Lapisan-lapisan karet dari ban ini lalu diletakkan di depan ruangan teras rumahnya, dikumpulkan jadi satu tumpukan yang meninggi. Karet ban inilah yang menjadi bahan utama pembuatan bak sampah, yang banyak diminati masyarakat.
Tahun 1980 an, dia mulai meneruskan usaha pembuatan bak sampah dari ban bekas meneruskan usaha orangtuanya. Hason menceritakan, dulu semua bak sampah dibuat langsung di Jalan Bibis Surabaya ini, sampai akhirnya kawasan ini terkenal dengan pusatnya bak sampah karet.

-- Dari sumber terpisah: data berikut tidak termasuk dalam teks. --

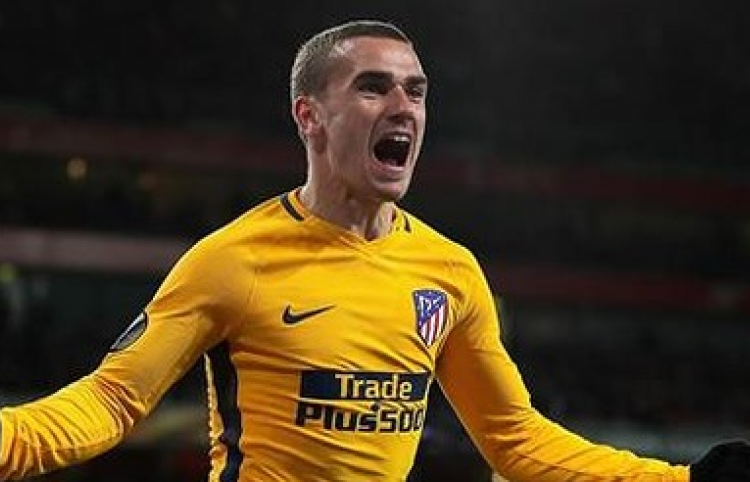 Lacazette nổ súng, Arsenal vẫn để Atletico Madrid “cầm chân”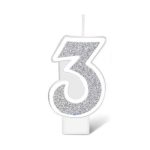 Silver Glitter NO.3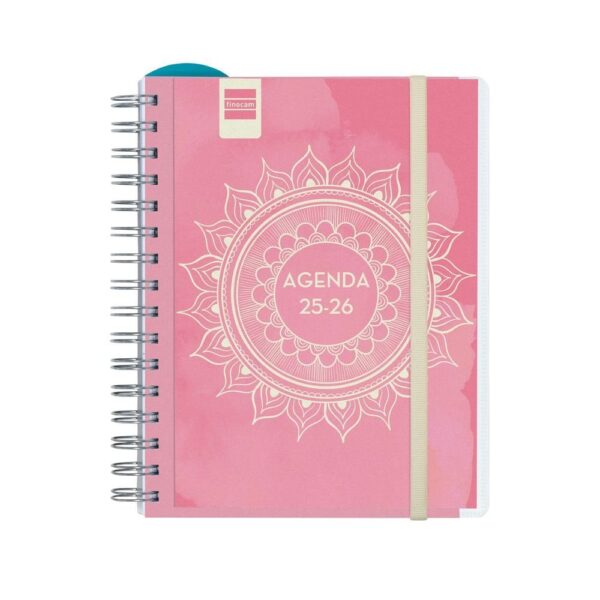 AGENDA MAGISTRAL PERSONALIZABLE CUARTO SVH 25-26 MANDALA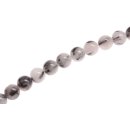 Stein Perlen Granite round beads / 12mm.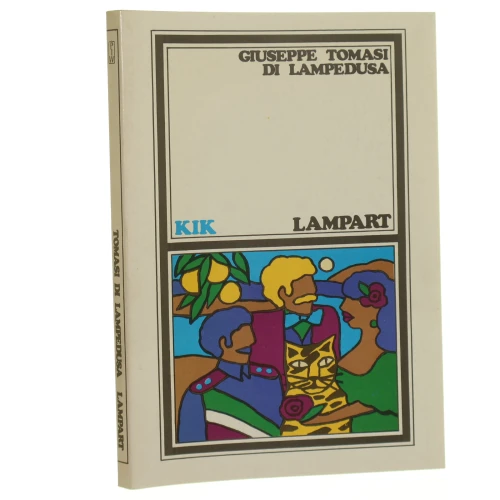 Lampart Giuseppe Tomasi di Lampedusa [Klub Interesującej Książki / 1988]
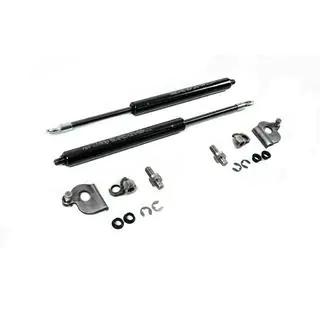 Gasveren achterklep Volkswagen Amarok 2010–2022 foto 3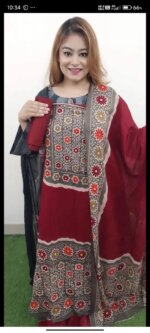 Cotton Print Three pcs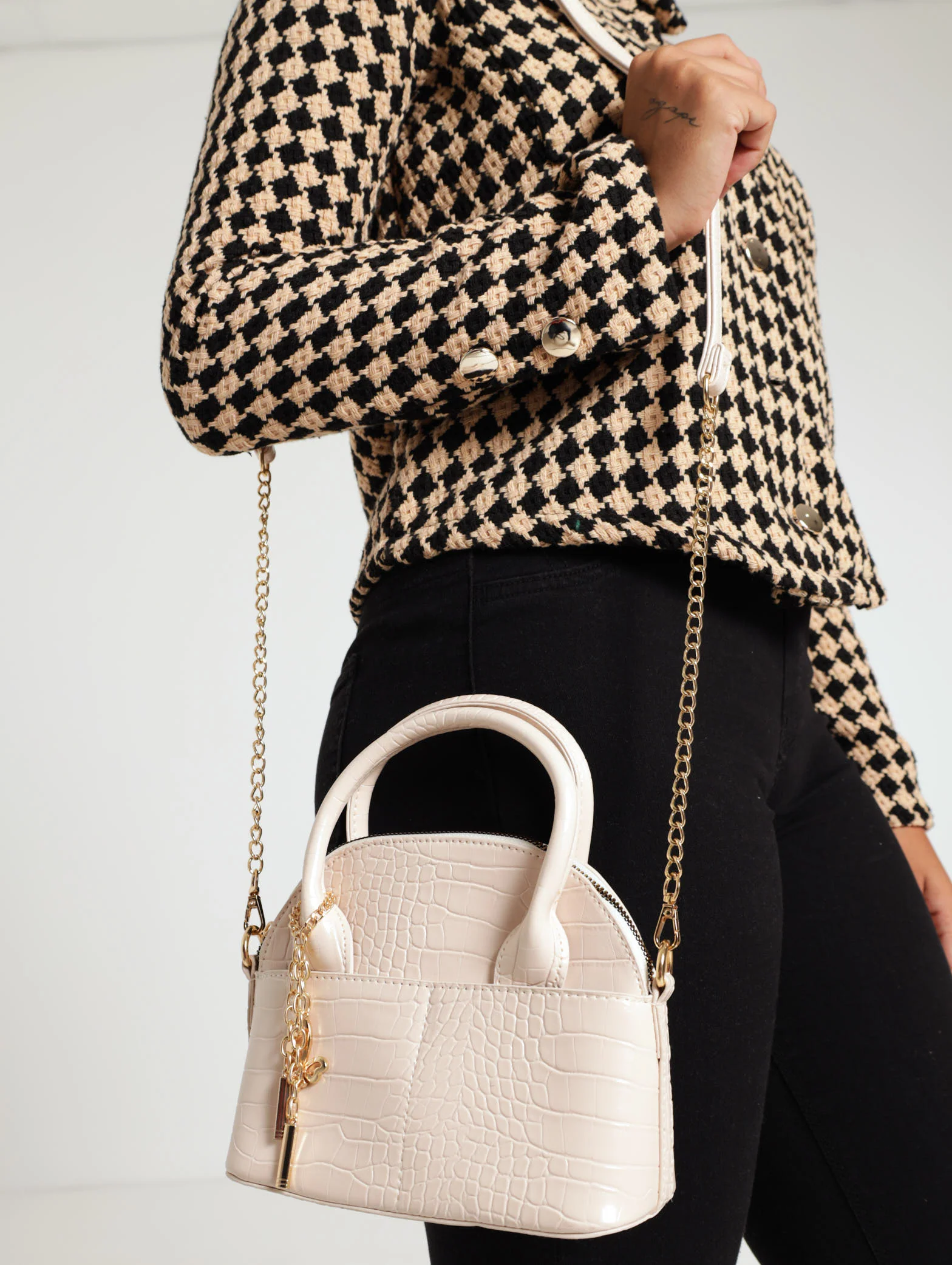 Bowler Pouch Satchel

Namun kini, pembuatan bak sampah banyak dikerjakan di Bangkalan. Hanya sebagian saja yang masih Hason kerjakan sendiri. “Jadi lapisan karet yang sudah kita kupas dibawa ke Bangkalan untuk dibentuk jadi bak sampah,” katanya.
Ketika bak-bak tersebut jadi, lalu dibawa kembali ke kawasan ini untuk pengerjaan pengecatan. Setelah selesai langsung dipajang untuk dipasarkan. Satu bak sampah rata-rata dihargai Rp 70 ribu.
Sementara di sebuah lapak di Jalan Waspada, masih berada dalam satu kawasan yang sama, Hasan sedang sibuk mengecat bak karet yang baru datang dari proses produksi.
Pengecatan ini untuk menyelesaikan pesanan bak sampah dari Pemkot Surabaya yang mencapai 5000 buah. Sebagian besar sudah dikirim ke kelurahan-kelurahan se Surabaya, tinggal sisanya yang menunggu diselesaikan.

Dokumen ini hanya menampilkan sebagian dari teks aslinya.